11. In the case of Tarak Das Ghosh (supra) the meaning of right of pre-emption, the scope and ambit of Section 22 of Hindu Succession Act, 1956 and the applicability of Article 97 of the Limitation Act was considered and the following observation was noted as follows:
The dictionary meaning of the word "right of pre-emption" is the right of purchasing property before or in preference to other persons. Further the word "pre-emption" is derived from "pre-emption" and pre-emption is thus an act of buying before another. Hence, it must be held that the right which is conferred by Section 22 of the Act is a right of pre-emption, for, here when one or several persons on whom an interest in any immovable property devolves on the death of a person dying intestate as heirs specified in Class I of the Schedule and when one of such heirs proposes to transfer his or her interest in the property, the other heirs are given a preferential right to acquire the interest proposed to be transferred. Here the right in question is one enabling a person to purchase the property in preference to others. When one of the heirs proposes to sell his interest in the property, which interest he got along with others as heirs belonging to Class-I, the other heirs will have a right to purchase the same in exclusion to stranger purchasers. The right is obviously, therefore, a right of pre-emption. Therefore, Article 97 applies to applications under Section 22. In the circumstances, of the case the application was barred by limitation as it was made at a time beyond the period prescribed by Article 97.

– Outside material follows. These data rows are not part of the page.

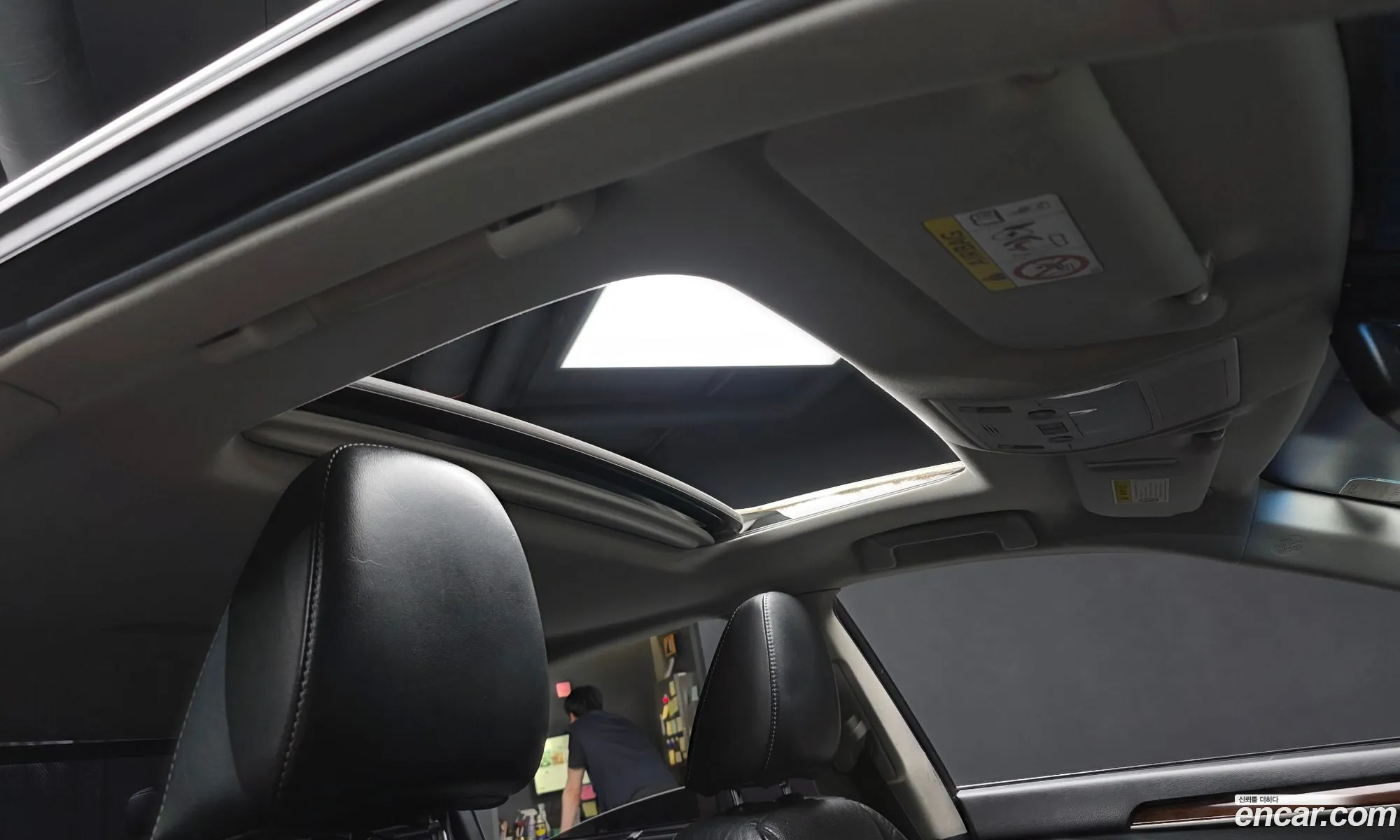 Lexus ES300h 2013 — 12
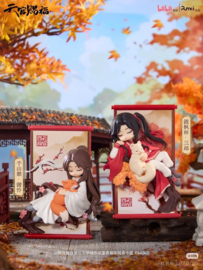 (Pre-order) Heaven Official's Blessing Mini Figures Gong Fu Jing Juan Series 13 cm Blind Box Display (8)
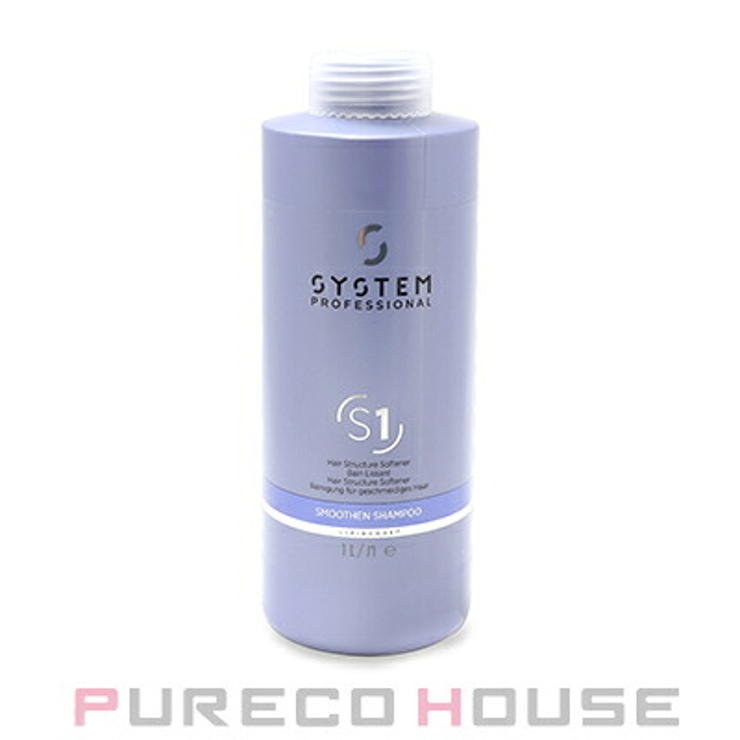 Wella Professionals | PURECO HOUSE | 詳細画像1 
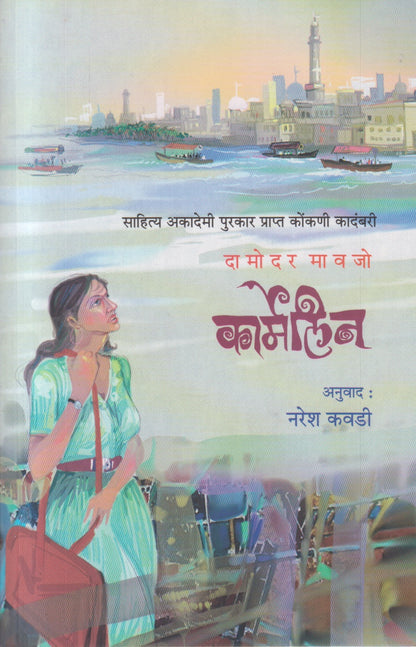 Karmelin (कार्मेलीन)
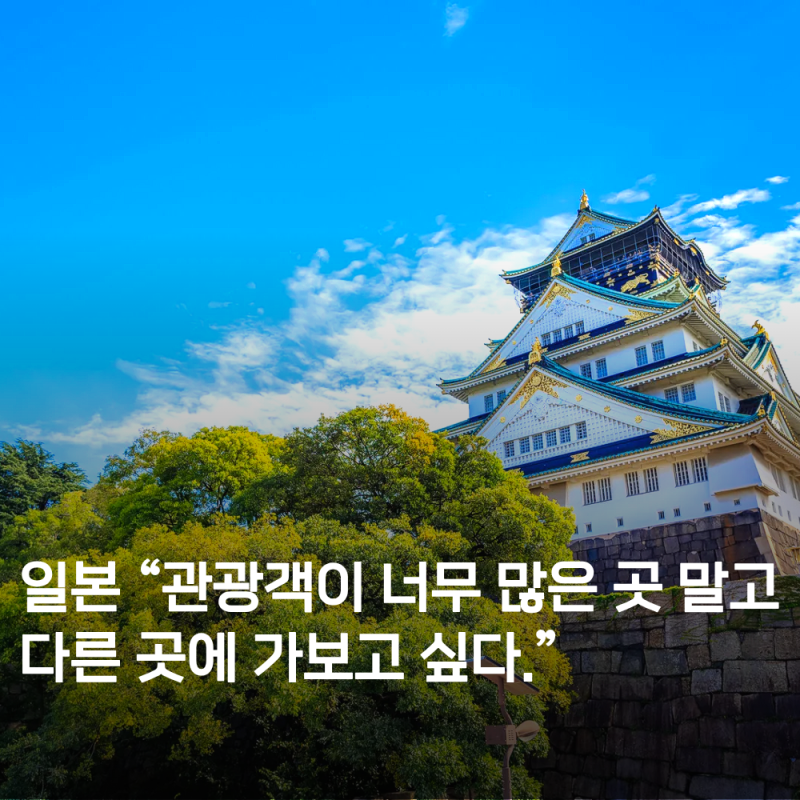 도쿄·오사카는 이제 그만! 요즘 한국인이 찾기 시작한 일본 여행지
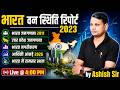 भारत के सभी महत्वपूर्ण डेटा और रिपोर्ट 2023-2026 | UP PGT/TGT Special by Ashish Sir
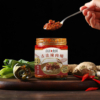 【自在食刻】古法辣肉燥 240g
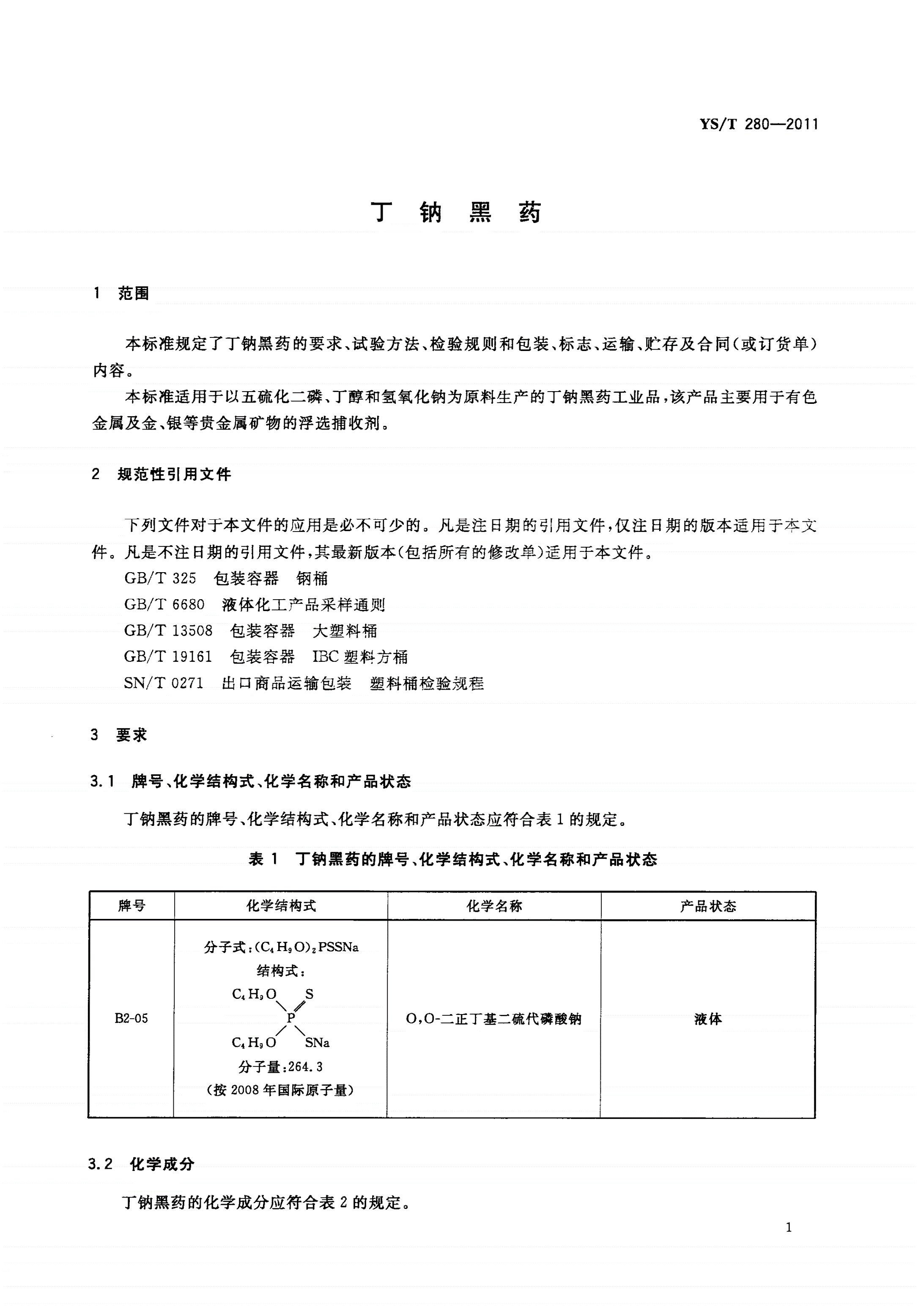 YS/T 280-2011 丁钠黑药-第3页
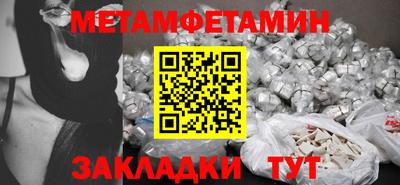 соль курить ск Ливны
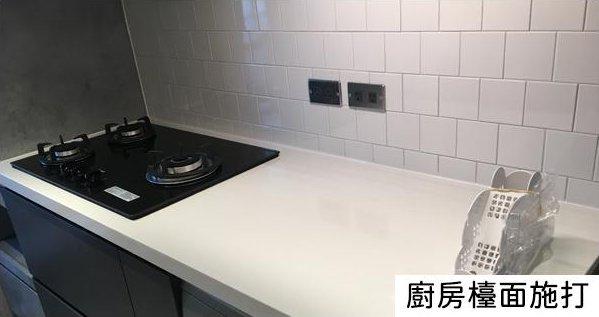 廚房檯面施打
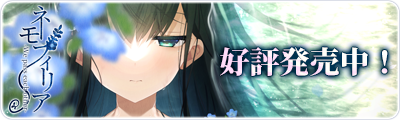 ネモフィリア-We pass each other-　好評発売中！
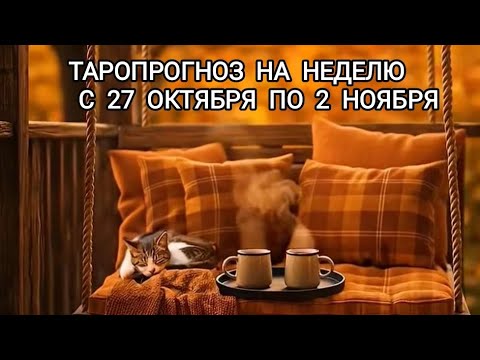 Видео: Какие важные события произойдут на недели с 27.10 по 3.11. Таропрогноз для всех знаков зодиака.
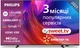 Телевизор Philips 43PUS8518/12 - зображення 1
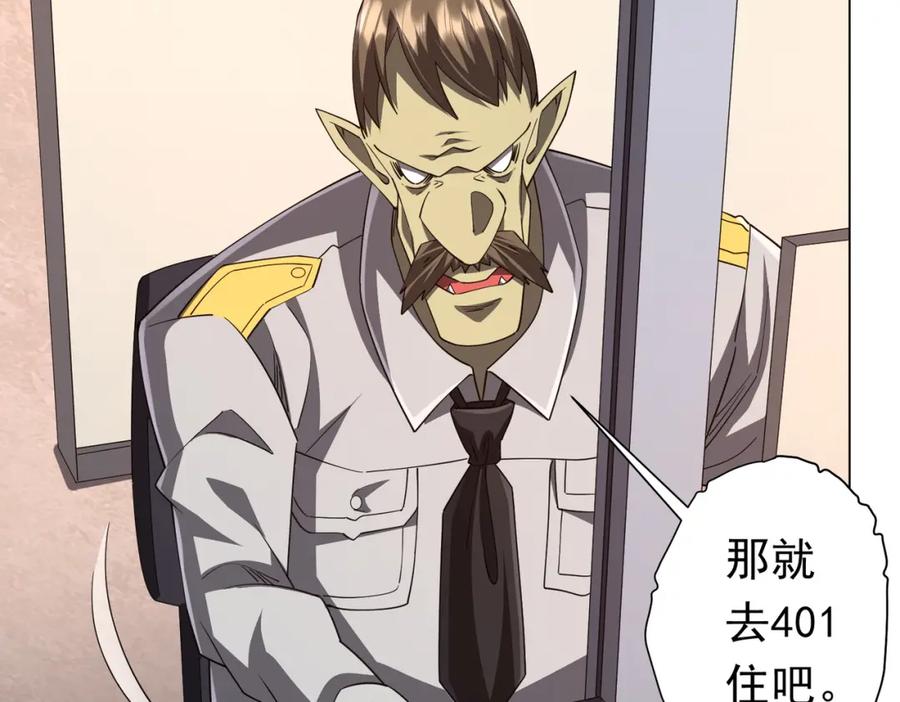 《全球惊悚：开局万亿冥币》第91话 都是钱的问题！ 第144页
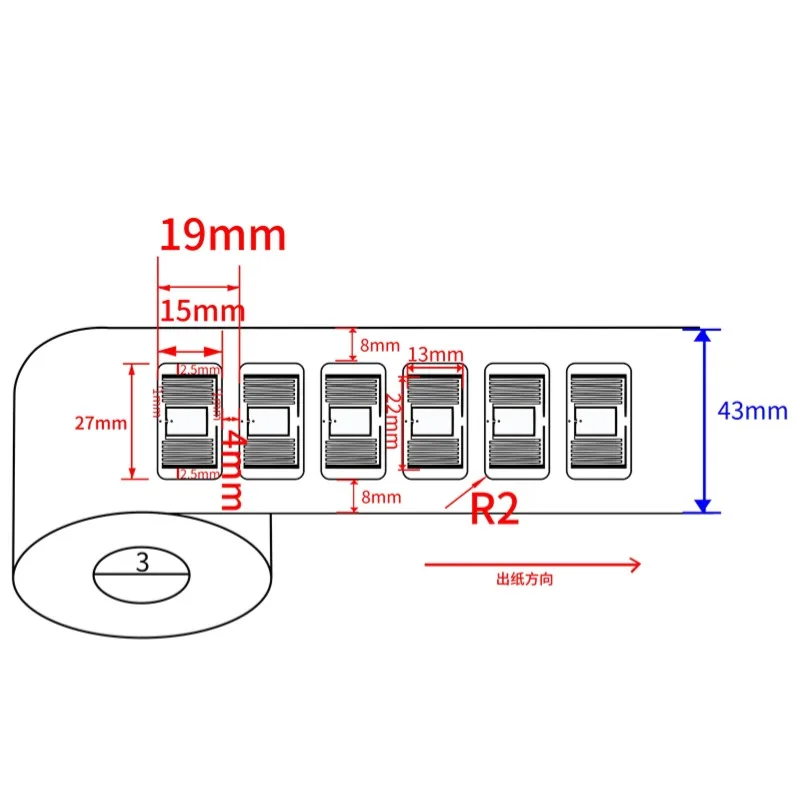 UHF RFID Tag U89 Chip Passive 915MHz 6C Protocol for Apparel Labels Parking Library Warehouse Management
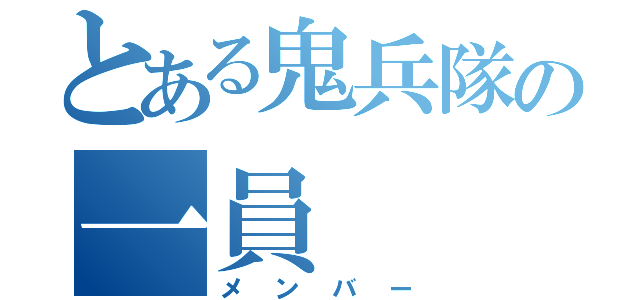 とある鬼兵隊の一員（メンバー）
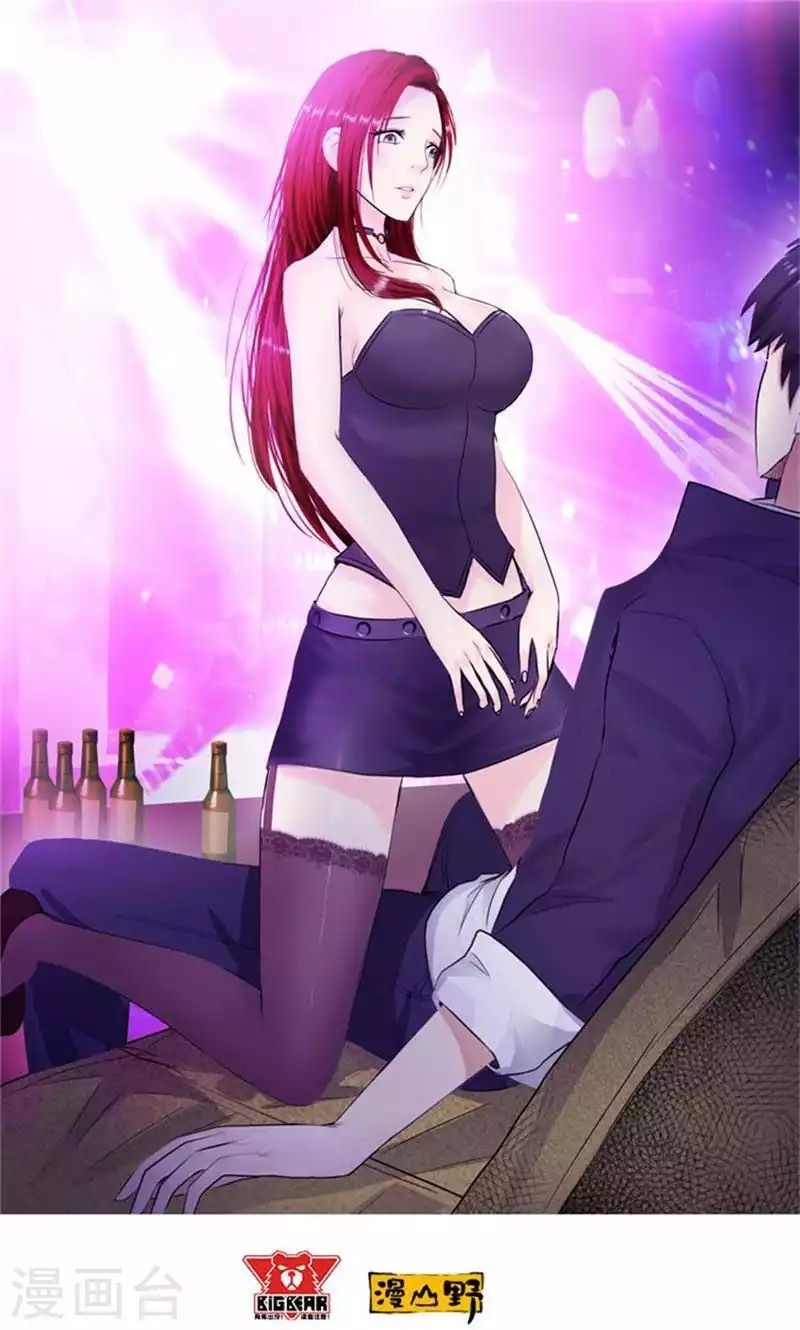 Baca Master University (Master Campus) - Chapter 88 halaman 2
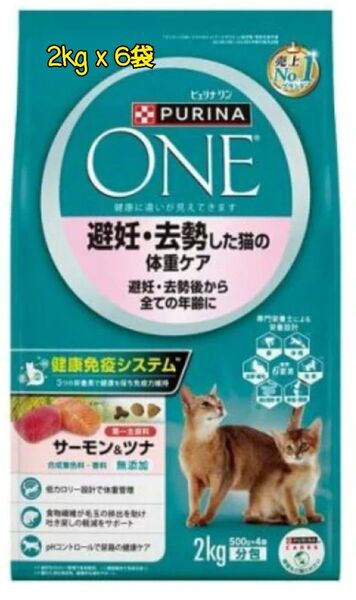 【2kgx6袋】ピュリナワン 猫 ドライ 避妊・去勢 体重ケア サーモン&ツナ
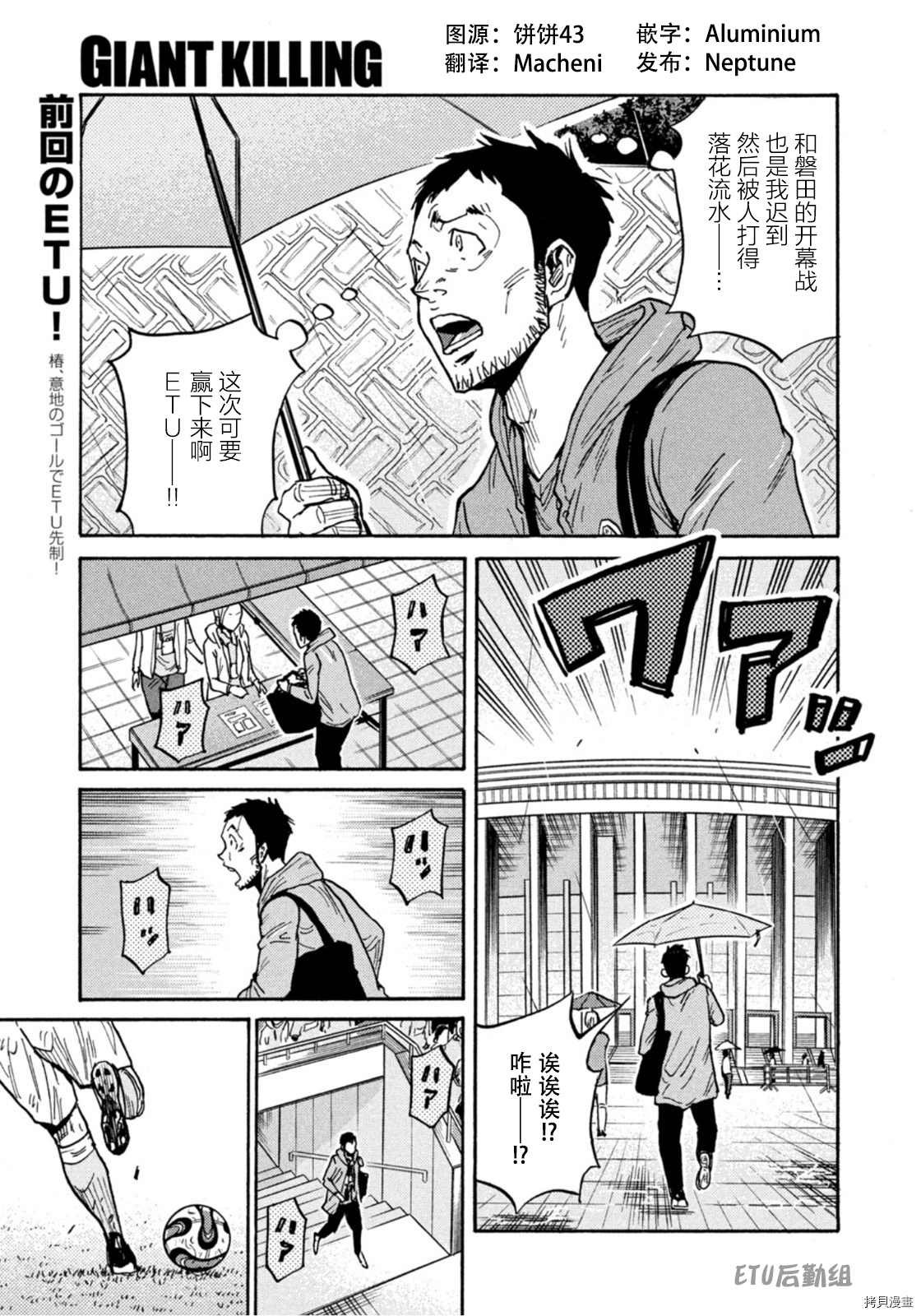 第588话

12. This observation is legally sound and is acceptable. So in a suit for pre-emption, Article 97 of the Limitation act would apply. In the present case, evidence is available and the Courts below have also concurrently held that the defendant Nos. 12 an 13 are in possession of the purchased part of the house since the date of purchase, i.e., from the year 1977, but the suit containing a prayer for repurchase was filed in the year 1987, which was clearly beyond the period of limitation prescribed in Article 97. That being so, the prayer of the plaintiff for liberty to repurchase the part of the dwelling house from defendant Nos. 12 and 13 described in Schedule 'C of the plaint, was barred by limitation.
13. The substantial questions of law are accordingly answered. In consequence, the decree of partition granted by first appellate Court carving out the shares of the respective parties is confirmed, but the decree giving liberty to the plaintiff to enforce the right of pre-emption in respect of the properties sold to defendant" Nos. 12 and 13 is set aside.
14. In the result, the appeal is allowed in part and the cross- objection is dismissed on contest, but without any cost.